Ayrıca, iş heyetlerimiz arasında ziyaretler üzerinde de çalışmayı öngörüyoruz.

Bugün ayrıca bölgesel ve uluslararası gelişmeler hakkında da önemli görüş alışverişlerinde bulunduk. Kendisiyle hem ikili, hem heyetlerarası görüşme esnasında çok detaylı olarak bölgesel gelişmeleri tartıştık.

Mübarek Kurban Bayramının ilk günü Stokholm’de kutsal kitabımız Kur'an-ı Kerim’e yapılan aşağılık saldırıyı ve uyarılarımıza rağmen bu saldırıya göz yumulmasını bir kez daha kuvvetle kınıyoruz.

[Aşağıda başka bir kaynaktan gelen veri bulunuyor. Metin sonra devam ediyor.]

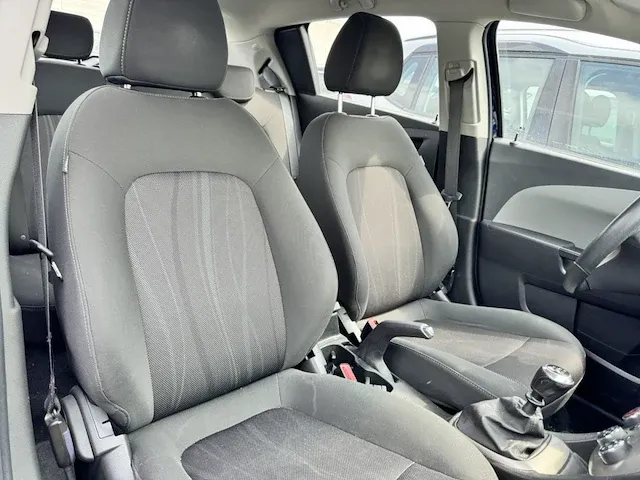 Chevrolet aveo 1.3 d lt start&stop 75, 2013 - afbeelding 17 van  29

Bildiğiniz gibi, İslam İşbirliği Teşkilatı İcra Komitesi acil olarak toplandı.

Atılacak ortak adımları Sayın Safadi ile ele aldık.

Filistin davası ve Mescid-i Aksa başta olmak üzere kutsal mekânların statüsü konularında tam fikir birliğimiz mevcut. Haşimi Hanedanı’nın Kudüs’teki kutsal mekânları himaye rolünü önemsediğimizi ve desteklediğimizi değerli kardeşime ilettim.

Son günlerde Filistin’de yaşanan gelişmeleri yakından izliyoruz. Masum Filistinli kardeşlerimize yönelik baskınlar ve yerleşimcilerin saldırıları bir an evvel durmalıdır. Bütün bölgenin iyiliğine olan bu görüşlerimizi açık ve şeffaf bir şekilde İsrail makamlarına da iletiyoruz. Dünkü Bakanlık açıklamamızda da vurguladığımız gibi, İsrail saldırısını en güçlü şekilde kınadık. Ayrıca İsrail makamlarının sağduyulu davranmaları ve bu tür eylemlerden kaçınmaları yönündeki çağrımızı yineledik.

Türkiye ve Ürdün olarak bölgede sükûnetin tesis edilmesi için çabalarımızı sürdüreceğiz. Her hâl ve kârda Filistin sorununa tek geçerli çözümün uluslararası parametreler temelinde, başkenti Doğu Kudüs olan bağımsız ve egemen bir Filistin devletinin kurulması olduğunu bir kez daha vurgulamak isterim.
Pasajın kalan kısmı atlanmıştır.